Any ideas for low-cost Thermocouple Interfacing methods?

Hi fmilburn

(Replying here to remove the comment indent, since I wanted to share some diagrams)

I've had a shot at doing it, and was close to giving up since I was seeing huge errors!, but it was a mistake in a calculation. I think it's looking good, but reality might be different!

Referring to this circuit (it is similar to before, except I've reduced the filter resistance further), I first closed the switch and tried seeing what the expected values should be. The switch closed is when the thermistor (cold junction) temperature needs to be measured:

I picked a NTC thermistor with 1 kohm resistance at 25 deg C, and used a Beta value of 3650. In the screenshot below, the Excel spreadheet boxed section labeled "Standalone Thermistor" was used to check that the formula was working for conversions from resistance to temperature, and vice-versa. Green cells are input values, pink cells are outputs from formulas.

The spreadsheet is very clunky, it isn't all automated, some values are currently looked up.

Using the normal potential divider formula (i.e. Ohms law) I worked out what the voltage across the thermistor would be, and that is in the box labelled "Thermistor in Potential Divider".

Once I had this, I used a Spice simulation to see what it thought I would get, with the switch closed. The "Thermistor error" box is the area where I tried simulating from -30 to +50 degrees C, which is likely to be the max range that the cold junction will encounter.

I varied the thermistor voltage between the limits of -5mV and +20mV since that will cover more than 400 degrees C of interest area, and the thermocouple voltage will have a slight impact when reading the thermistor voltage. It turns out, the error is small, mostly smaller than 1 deg C apart from at the 50 deg C extreme. The green cells at the right side of the "Thermistor error" box show the Spice simulation results, and I'm really happy with those. The thermistor measurement looks good with the current layout.

Next, I moved to the thermocouple measurements, i.e. with the switch open. I didn't use a formula, I just used a lookup table from a datasheet for a Type-K thermocouple. It was a similar idea to the thermistor, i.e. just trying to model in Excel what is expected, and comparing with Spice. In the case of the thermocouple, since the measurement of that includes the thermistor resistance, the circuit looks like a potential divider circuit where the source voltage is the thermocouple voltage (Vthermocouple), and the resistors in the potential divider are R2, RADC1, and the thermistor. Taking them into account, I can work out what the voltage across the ADC should be (Vadc), and vice-versa, i.e. with a given Vadc measurement, to convert back from that to determine what Vthermocouple is. 

I used the "Vadc for Thermocouple measurements" boxed section for this, while varying the thermistor resistance across the range -30 degC to 50 deg C, for thermocouple voltages of -5mV and +20mV, which correspond to -154 degC and 485 degC if the cold junction were at 0 degC.

The Spice simulation agrees very closely, so this is good confidence that the formulas are now good, and that if this circuit was built, then it may work!

The one major caveat is, that the resistances in series with the thermocouple will cause huge error, if the ADC internal resistance changes. because that ADC resistance is part of the potential divider. The spice simulation may be useless, because of this assumption (I don't have a spice model of an ADC, I just modeled using the resistance in the datasheet, which is 2.25 Mohm divided by the gain, which will likely need to be set to the maximum which is 8). Thats 280 kohm, although I used a value of 250 kohm, the concept is the same, I would just need to change that param in the spreadsheet.

I can reduce the effect of the ADC input, by reducing the value of the thermistor, so I've chosen a small value of 1 kohm at 25 deg C, and perhaps reduce further by paralleling it with another resistor, although that may be unnecessary.
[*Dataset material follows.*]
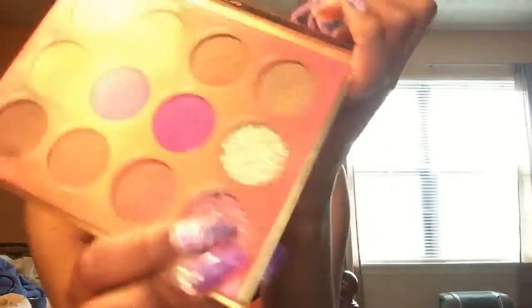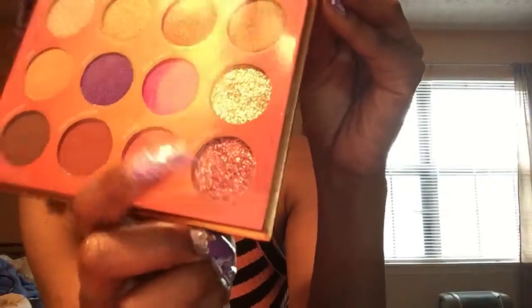I might swatch a few. This one called 'Sunset' — let's swatch that one. It feels very, very velvety. I like that, it's so pretty. I wish I had better lighting so you could see it, but it's really, really pretty. The next one I'm gonna try is 'Fireworks,' which is a glittery one. Wow, this is very — I tell you, when you put this on your eye it's gonna stick. This is actually amazing because I wanted something like this.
I don't know though, it's probably time to try the circuit out for real! 

It will be possible to test the performance by applying a voltage in place of the thermocouple, this will simulate any temperature, and using a worst-case resistance for the thermistor, which would be at the coldest temperature, e.g. 15.94kohm for -30 deg C. 
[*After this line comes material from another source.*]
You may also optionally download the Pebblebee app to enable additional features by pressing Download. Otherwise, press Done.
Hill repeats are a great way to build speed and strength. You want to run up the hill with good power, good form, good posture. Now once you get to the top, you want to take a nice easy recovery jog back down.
If that RADC1 value doesn't change much, then the measurement might be good. From the simulation, a 10% change in the value of RADC1 barely makes a difference to the measurement, so that's a good sign I guess, but I really don't know in practice if it will change even more. 

In summary, there are positive signs, but it could all go wrong in practice.

Very clever :-).  I find that making a working Excel model can be very useful as it requires one to understand the problem in a way that a canned model does not. 

Very clever :-).  I find that making a working Excel model can be very useful as it requires one to understand the problem in a way that a canned model does not.